Friday, May 18, 2012

Taxation Done Right: No Fight Flight Fraud

A tax lawyer, Charles Adams, wrote a book back in 1982 called Fight Flight Fraud, The Story of Taxation.

He covers the history of taxation, from at least 3000 BC, to his time, 1982.  His thesis is taxation is the price we pay for for a civilized society, following Holmes, but the state almost always gets it wrong.  Taxing is tricky, and he shows, through historical example, where taxes go right and where they go wrong.  Taxes done wrong invite fight, flight or fraud, or some combination thereof.  And his history of the world revolves around tax policy, and its effects.  It is a fascinating trip.

The book is fundamental to any business library.  His study is comprehensive and entertaining.  My first criticism would be general... please, if you have serious content, do not lay out your book like a coffee table book.  Those of us who have the gift of ADD/ADHD get lost in such books.  The book was a gift for my birthday. It is big, 9x`12. .  It has lots of pictures  I spent a month jumping from picture to picture, reading bits here and there, and not making much sense of it.  I finally forced myself to read through from the beginning, and found the book is a treasure.

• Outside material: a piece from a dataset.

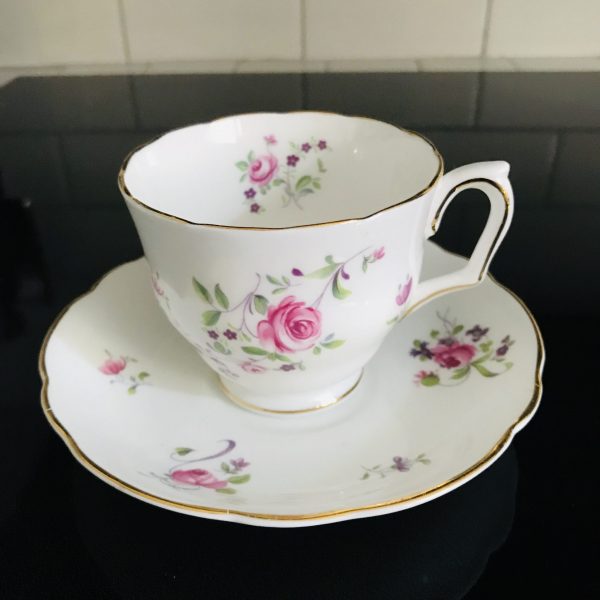 Crown Staffordshire tea cup and saucer England Fine bone china Pink Roses purple flowers gold trim farmhouse collectible display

There are nuts who say the income tax is unconstitutional, and this lawyer agrees.   Not only was an income tax introduced twice, twice it was ruled unconstitutional and overturned.  Three times is the charm, and there it is.  It is still UNconstitutional for 2 reason he lays out, as a lawyer, but by 1982, USA was no longer  nation of laws.  He outlines the relentless effort on the part of American counterrevolutionaries to undo the constitution, successfully.

It was also fun to read a book contemporaneous to 1982, where many of his allusions come from that era.  A trip down memory lane, to boot.

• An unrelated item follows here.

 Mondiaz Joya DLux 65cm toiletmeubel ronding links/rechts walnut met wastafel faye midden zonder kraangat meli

He does not like our tax system, and his criticism of  the system 1982 would be all the stronger for today.  If you love the state and want to preserve it, then this is a game plan for avoiding revolution while funding the state.

Under Reagan there were some changes to the tax laws, but they only served to make collection wider and more efficient, not better.

A couple of interesting points.  In many cases Jews fled to Moslem safety in the face of Christian ferocity.  In one instance, welcoming Jewish perspicacity, a Moslem potentate declared Jews tax exempt.  The Jewish elders appealed to the fellow to make no such rule, for in time it would invite envy and repercussions.  The Jews have not forgotten the disaster of Joseph and their experience in Egypt.


Liberals love to point to high-tax Sweden as the workable ideal for USA.  What I did not know is Swedes are an aggressive, world class tax avoidance people.  Important detail that.  Their aggressiveness would make an Italian blush.  And on the other hand, their tax collectors would make an SS officer blush.  We can all name famous Swedes, none of them live in Sweden.  As soon a Bjorn Borg started making money in tennis, he got out of Sweden.  Swedes work hard to get way from Sweden.  When speaking admiringly of Swedish polity, that should be noted as a downside to their system.

It is his critique of the USA tax system, in light of all others, that is the harshest.  And he was writing in 1982,  imagine what he would say today.

For my part, I do not buy his thesis that “taxation is the price we pay for a civilized society .. and we can get it right. “  Taxation is one price we pay for a state, but we do not need a state.  Yes, the state can make taxes more tolerable, but since crisis feeds state power, why would the powers that be ever make life easier?  Abusive taxation may invite fight, flight or fraud, but as this history shows, the state has endless ways of countering all three.  And none more prolific than the United States.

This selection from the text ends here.